AIDEF tells the 8th Pay Commission the current DA formula understates inflation for lower-grade employees and pensioners, proposing a new cost-of-living index.
The All India Defence Employees’ Federation (AIDEF) has submitted a second memorandum to the 8th Pay Commission panel, arguing that the current formula for calculating dearness allowance (DA) does not reflect the actual cost of living for central government employees and pensioners.
Under the 7th Pay Commission's recommendations, DA and dearness relief (DR) are computed using the 12-month average of the All-India Consumer Price Index for Industrial Workers (AICPI-IW). The federation says this approach understates inflation's bite on household budgets.
AIDEF's core argument is that the index assigns higher weight to relatively stable expenditure categories, making it "difficult for the index to adequately and fairly represent the current inflation picture." Employees on lower pay grades spend a larger share of their income on food, education, healthcare, housing rent, and medicines. For pensioners, the federation noted that spending on caregiving, health, and medical expenses tends to rise faster than overall CPI inflation, meaning periodic DR revisions may not protect their purchasing power.

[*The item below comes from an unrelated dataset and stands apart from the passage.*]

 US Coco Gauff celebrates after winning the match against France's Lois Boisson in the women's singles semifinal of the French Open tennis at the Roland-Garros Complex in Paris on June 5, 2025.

Food and beverage account for only 36.75% of the total index. Categories like healthcare, housing, transport, communication, and digital services have received greater weightage, despite experiencing more enduring price movements. The federation also said the revised CPI basket, introduced in FY23, does not fully capture increases in food commodity prices and seasonal agricultural products.
The group has proposed a complete overhaul: a new employee-specific cost-of-living index that gives due weight to changes in expenditure patterns and better recognises elderly care expenses in pay and pension revisions under the 8th Pay Commission.
The commission closed submissions on 15 June and has planned state visits to meet employee representative groups, unions, and stakeholders. It has held multiple meetings since April.
India's wholesale inflation surged to 9.68% in May from 8.26% in April, driven by fuel, crude petroleum, and manufactured products. Retail inflation in May rose to 3.93%, with food inflation at 4.78%. Vegetables such as tomato, ginger, and raisin saw the strongest price pressure. Rising costs of milk, vegetables, power, and fuel (CNG, diesel, petrol) are squeezing household budgets.
Reports suggest another DA hike announcement could come in July or September, as employees and pensioners seek relief against steadily rising living expenses.